### [About this exercise]
At the line containing "DEELUXE boty - Team", begin retyping, and stop after the last line of the data; add nothing.

[Extracted records]
§ §

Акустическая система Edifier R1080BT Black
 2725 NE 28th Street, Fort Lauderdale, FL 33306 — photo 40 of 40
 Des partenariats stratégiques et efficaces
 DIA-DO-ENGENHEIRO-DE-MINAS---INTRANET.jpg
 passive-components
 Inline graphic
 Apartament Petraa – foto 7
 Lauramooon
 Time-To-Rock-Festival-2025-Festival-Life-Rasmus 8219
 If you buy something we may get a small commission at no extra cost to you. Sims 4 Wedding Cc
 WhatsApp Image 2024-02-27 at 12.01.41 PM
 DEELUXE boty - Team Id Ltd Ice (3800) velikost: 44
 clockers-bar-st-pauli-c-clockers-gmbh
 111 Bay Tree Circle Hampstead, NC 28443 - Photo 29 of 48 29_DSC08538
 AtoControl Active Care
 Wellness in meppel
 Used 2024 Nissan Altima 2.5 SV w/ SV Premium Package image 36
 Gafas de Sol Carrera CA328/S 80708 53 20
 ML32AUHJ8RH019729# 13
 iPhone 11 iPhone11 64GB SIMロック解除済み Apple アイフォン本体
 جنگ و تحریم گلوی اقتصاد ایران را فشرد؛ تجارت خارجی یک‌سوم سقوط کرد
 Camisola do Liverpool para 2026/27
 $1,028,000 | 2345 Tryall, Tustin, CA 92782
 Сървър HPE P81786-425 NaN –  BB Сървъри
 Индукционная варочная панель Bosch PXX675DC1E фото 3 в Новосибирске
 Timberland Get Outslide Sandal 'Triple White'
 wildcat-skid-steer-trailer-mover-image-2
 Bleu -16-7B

§ §

### [Your response]
 DEELUXE boty - Team Id Ltd Ice (3800) velikost: 44
 clockers-bar-st-pauli-c-clockers-gmbh
 111 Bay Tree Circle Hampstead, NC 28443 - Photo 29 of 48 29_DSC08538
 AtoControl Active Care
 Wellness in meppel
 Used 2024 Nissan Altima 2.5 SV w/ SV Premium Package image 36
 Gafas de Sol Carrera CA328/S 80708 53 20
 ML32AUHJ8RH019729# 13
 iPhone 11 iPhone11 64GB SIMロック解除済み Apple アイフォン本体
 جنگ و تحریم گلوی اقتصاد ایران را فشرد؛ تجارت خارجی یک‌سوم سقوط کرد
 Camisola do Liverpool para 2026/27
 $1,028,000 | 2345 Tryall, Tustin, CA 92782
 Сървър HPE P81786-425 NaN –  BB Сървъри
 Индукционная варочная панель Bosch PXX675DC1E фото 3 в Новосибирске
 Timberland Get Outslide Sandal 'Triple White'
 wildcat-skid-steer-trailer-mover-image-2
 Bleu -16-7B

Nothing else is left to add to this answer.